HR people can ask them for several reasons. First, it may be an indirect way to learn if you are ready to work overtime or do other tasks, unrelated to your work responsibilities. Second, they can check how you react in a situation of stress. If you are seeking a position that involves work with customers, you will probably need to have Buddha-like self-control to deal with unpleasant situations.

One way to tackle this challenge would be to say: “That’s a strange question to ask. No one has ever asked me this question before in an interview. Why would you be interested to know that?” In many cases, the interviewer will simply drop the question. Or, they can try to focus the question, while you can come up with some ideas how to respond without losing your self-respect.

2) “Encyclopaedic” questions

“How many cows are there in New Zealand?”, “Can you tell me three names of recent Nobel prize winners?”, “Who first reached the South Pole?” – such questions are to check your reaction in the situation of uncertainty. Will you feel at a loss? Or show indifference and reply “I don’t care.” Or make a random guess … Or will you probably use some strategies to discover the right answer the quickest possible?

You could think aloud or ask if you can use the Internet to find the answer. Sometimes the questions are compiled in such a way that it will be difficult to find the answer at once, you will need out-of-the-box thinking to discover it.

3) Creative questions

“If you could have a dinner with any famous person, dead or alive, whom would you choose?”, “If you were a word, what would it be?”, “Would you prefer to be an animal or a robot?” – these questions test your wits and creativity. In addition, you will reveal your values, which will allow your interviewers feel if you fit their corporate culture.

Before answering such a question, try to smile.
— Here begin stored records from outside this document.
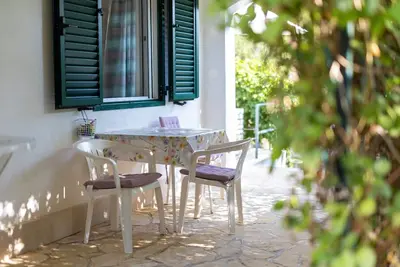 Image de Appartement de deux chambres prés de la plage Mudri Dolac, Hvar (A-582-b)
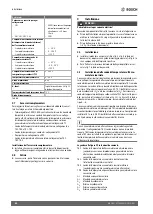 Preview for 62 page of Bosch ME 200 Installation Instructions For Contractors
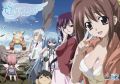 そらおと、ミラ☆トレ、夏あら2期、こんにちはアンが最終回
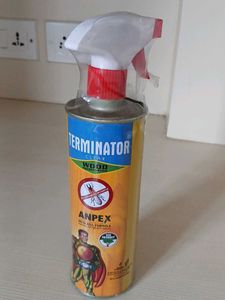 Terminator (Wood Preservative)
You can also use some filler “Oh, that’s an interesting question. Let me think a moment”. Doing so, you will win some time to come up with an idea.

4) Funny requests

“We are bored. Could you sing a song?” or “Tell me a joke”. Candidates who experienced such unusual requests can feel humiliated or embarrassed. If you feel that you are not Sting or Madonna or George Carlin, you can consider changing the subject “I’d rather get to the point. Actually, I prefer to demonstrate the skills I possess rather than the skills I don’t have. If you wrote “singing skills” in your job description, I’d probably not consider this vacancy.

From my perspective, it is not really important if you follow the request or not. The most essential thing is not to lose your nerve and stay calm. This way you can produce an impression of a focused and self-confident person.

In any case, if the requests or questions are particularly offensive, it may be wise to walk out of such interview. You probably wouldn’t like to work for a company where corporate culture presupposes treating people aggressively and disrespectfully!